Teachers Open Schools Hungry as PTUZ Slams Salary Delays
By Advent Shoko
As Zimbabwean schools open for the first term on 13 January, teachers are returning to classrooms with empty pockets, low morale and growing anger, and the Progressive Teachers Union of Zimbabwe (PTUZ) says this is no accident.
In a hard-hitting opening-of-schools statement dated 12 January, PTUZ president Dr Takavafira M. Zhou accused the government of deliberately delaying action on teachers’ salaries and conditions of service, despite months of petitions, parliamentary lobbying and appeals to the Office of the President.
According to PTUZ, 2025 was a “precipitous year” marked by worsening teacher welfare, deepening poverty and sustained neglect of educators who manage what the union calls the nation’s most valuable asset, its children. Yet, as schools reopen, there is still no clear, time-framed intervention to address low pay and deteriorating working conditions.
At the centre of the dispute is Finance Minister Prof Mthuli Ncube’s position that any salary adjustment must wait for a job evaluation exercise.
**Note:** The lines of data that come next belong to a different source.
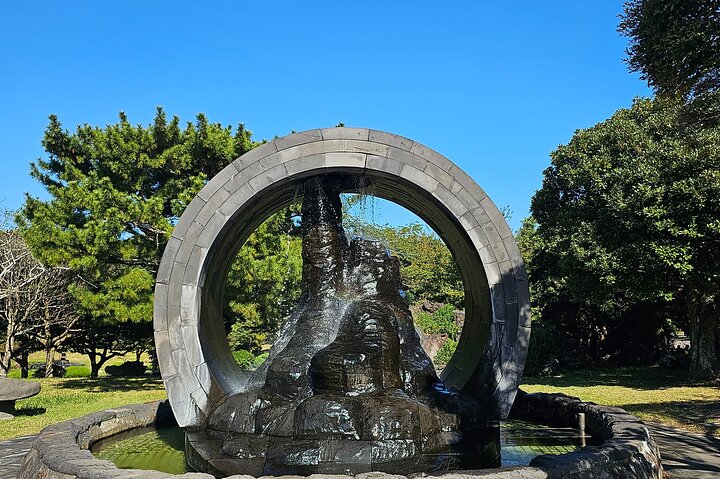 Package tour of All areas of Jeju Island-(East &South &West)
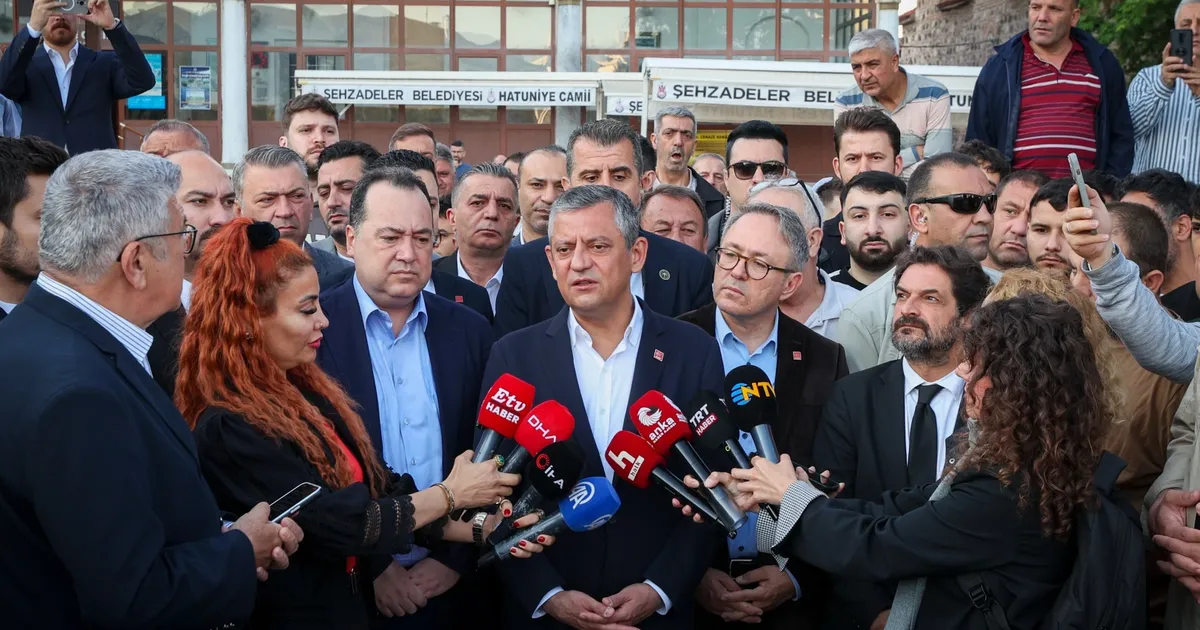 Özgür Özel’den ‘erken seçim’ ve ‘kurultay’ mesajı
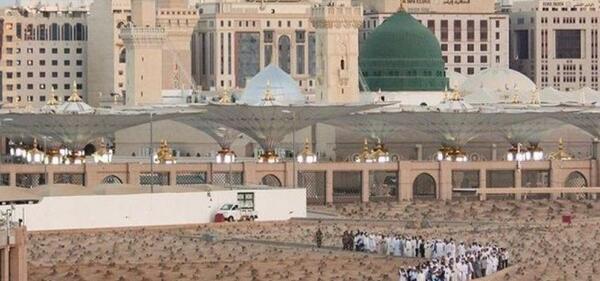 عکس قبرستان بقیع قبل از تخریب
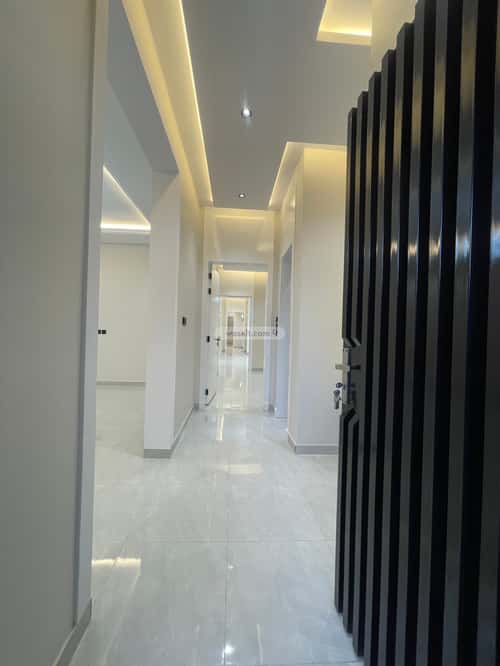 Apartment with 6 Bedrooms Dammam, Khamis Mushait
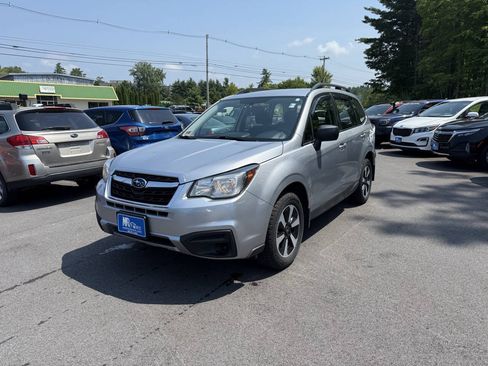 Used 2018 Subaru Forester 2.5i w/ Alloy Wheel Package AWD/4WD image 2
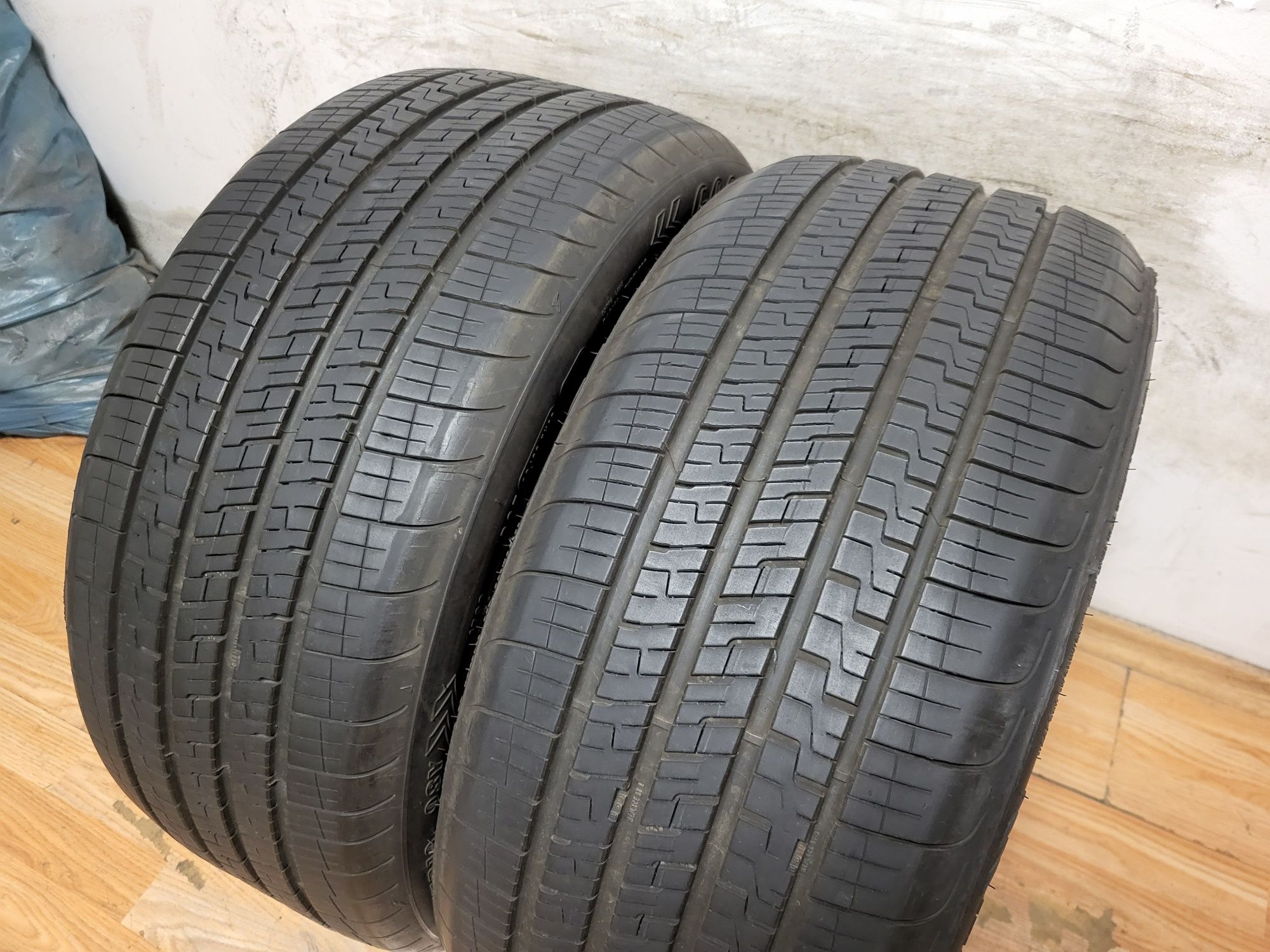 2 бр. 245/40/19 Goodyear Dot 23 / летни гуми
PTUZ views this process with deep suspicion, warning it could be a stalling tactic designed to offer false hope while prolonging teachers’ suffering.
The union also took aim at Primary and Secondary Education Minister Dr Torerai Moyo, accusing him of focusing on “trivialities” such as increased supervision and personal monitoring of schools, instead of tackling structural crises rocking the education sector. PTUZ argues that issues like massive brain drain, a shrinking education budget, currently pegged at 16.3 percent of total government expenditure, high dropout rates, ballooning teacher-pupil ratios and shortages of learning materials under the Heritage-Based Curriculum demand far more urgent attention.
Beyond salaries, PTUZ says government has consistently undermined social dialogue, opting for procrastination and empty promises instead of meaningful collective bargaining that promotes industrial harmony and productivity.
As part of its opening-term stance, PTUZ has issued an extensive list of demands, including a cost-of-living adjustment, a minimum basic salary of US$540, rural and hardship allowances set at 30 percent, realistic transport and housing allowances, and an increase in education allowance to US$100. The union is also pushing for the hiring of more than 15 000 teachers in 2026, an end to arbitrary transfers, and the establishment of a robust collective bargaining framework anchored in Section 65 of the Constitution.
Perhaps most striking is the union’s increasingly militant tone. While engagement remains its preferred route, PTUZ openly warns that industrial action is now firmly on the table. The union argues that a professional group unwilling to fight for its rights will never be taken seriously, adding that radicalisation in defence of dignity and survival “is no vice”.
As classrooms reopen, the standoff exposes a deeper governance challenge: how long can an education system function when those who sustain it are trapped in poverty? For PTUZ, the answer is clear, without urgent intervention, unity across unions and decisive action, the crisis will only deepen.